Like Meadowmount, the Green Mountain Chamber Music Festival is a practice-intensive program for young musicians who have committed to becoming professionals. Two-thirds of the typically 200 participants are college-age or older, and many are already studying with the faculty members, who currently number about 40.
The students practice for four hours every morning and rehearse for an hour and a half each afternoon. In the evening, they or their teachers perform concerts, which the public can attend (though the seven faculty concerts attract the biggest audiences).
"This is a music festival where education and music making both take place at a high level," said Fran Pepperman Taylor, a violinist and St. Mike's instructor who just stepped down after nine years on the festival board.
"It all happens in a welcoming, inclusive and kind atmosphere — and that's not always true of these things," Taylor continued. "Kevin and Barbara's personalities really established the personality of the festival."
The packed faculty concerts, Taylor added, regularly feature "200-plus young people hootin' and hollerin' who love that music."
New artistic director Chang said her vision for the festival is to build on its success. "GMCMF works really well the way it is," she noted, "so I want to be careful not to mess with it too much."

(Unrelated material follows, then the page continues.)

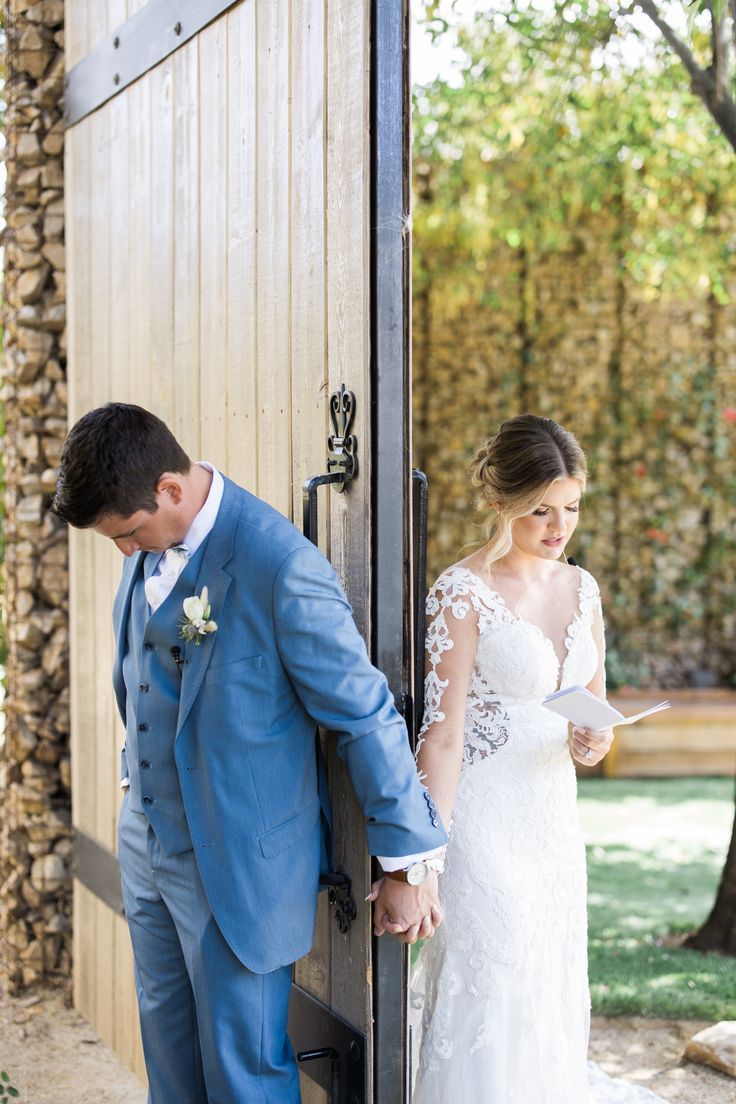 the bride and groom are holding hands as they stand in front of an open door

She does have a few tweaks in mind, though, including "inviting a young professional quartet on the cusp of a good career to talk to the students about what it's like to be at that point." Previous notable guests have included members of the Emerson String Quartet; cellist Yo-Yo Ma gave an online master class last year.

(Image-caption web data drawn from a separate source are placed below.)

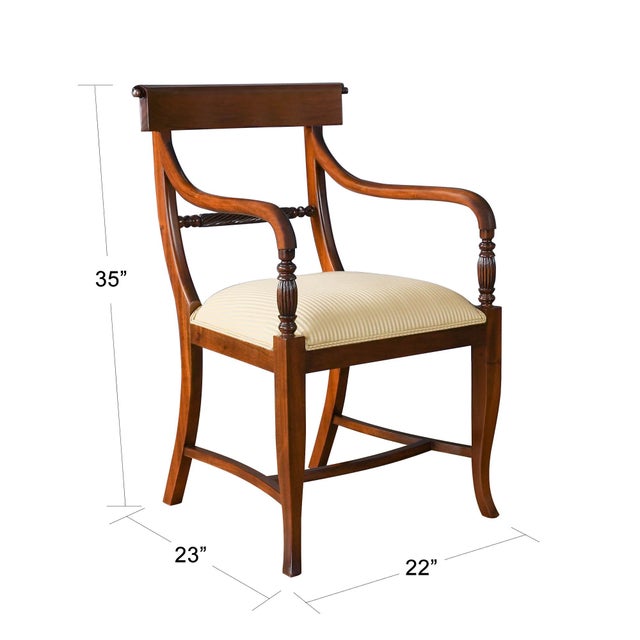 The Niagara Furniture Twist Back Arm Chair is a federal style dining chair hand carved from great quality, plantation...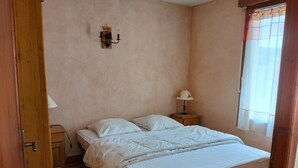 Un dormitorio con cama, mesita de noche, lámpara y ventana con cortinas.
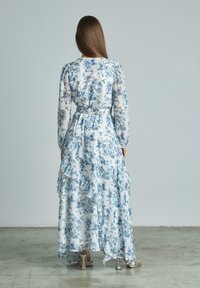 Florales Maxikleid in Weiß und Blau, mit langen Ärmeln, Rüschenschichten und tailliertem Bund. Hergestellt aus leichtem, durchsichtigem Stoff.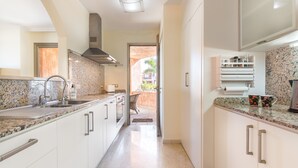 Una cocina moderna con encimeras de granito, electrodomésticos de acero inoxidable y vistas al exterior.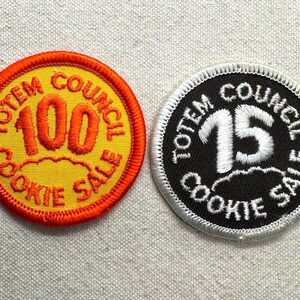 May include: Two circular embroidered patches. The left patch is yellow with an orange border and features the orange text "TOTEM COUNCIL COOKIE SALE" surrounding the number "100". The right patch is black with a white border and white text.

Chang also plans to continue Lawrence's Classical Encounters initiative, which brings students into downtown Burlington to perform pop-up concerts and get a feel for public engagement and response. For that, she may have to enlist shuttles: The festival's leadership will decide in the next few weeks whether to continue operations at St. Mike's or return to UVM.
Salvatore Macchia, chair of the UMass Amherst music and dance department, has known Chang for 17 years and cofounded the Five College New Music Festival with her in 2009. In addition to her talent for putting together "exciting" programs, Macchia said, "Liz has a real way of identifying needs that the community might find engaging."
He cited an online speaker series that Chang organized last spring to explore how musicians in and outside academia are effecting social change through music. It drew national audiences.
When asked what interested her most in her new position, Chang said, "Getting to know the people in Burlington, the supporters and board members. I know the internal workings really well, but I had not had much of a sense of how the public appreciated the program and having all these young people and concerts [in town]. I'm really excited about the community part of it."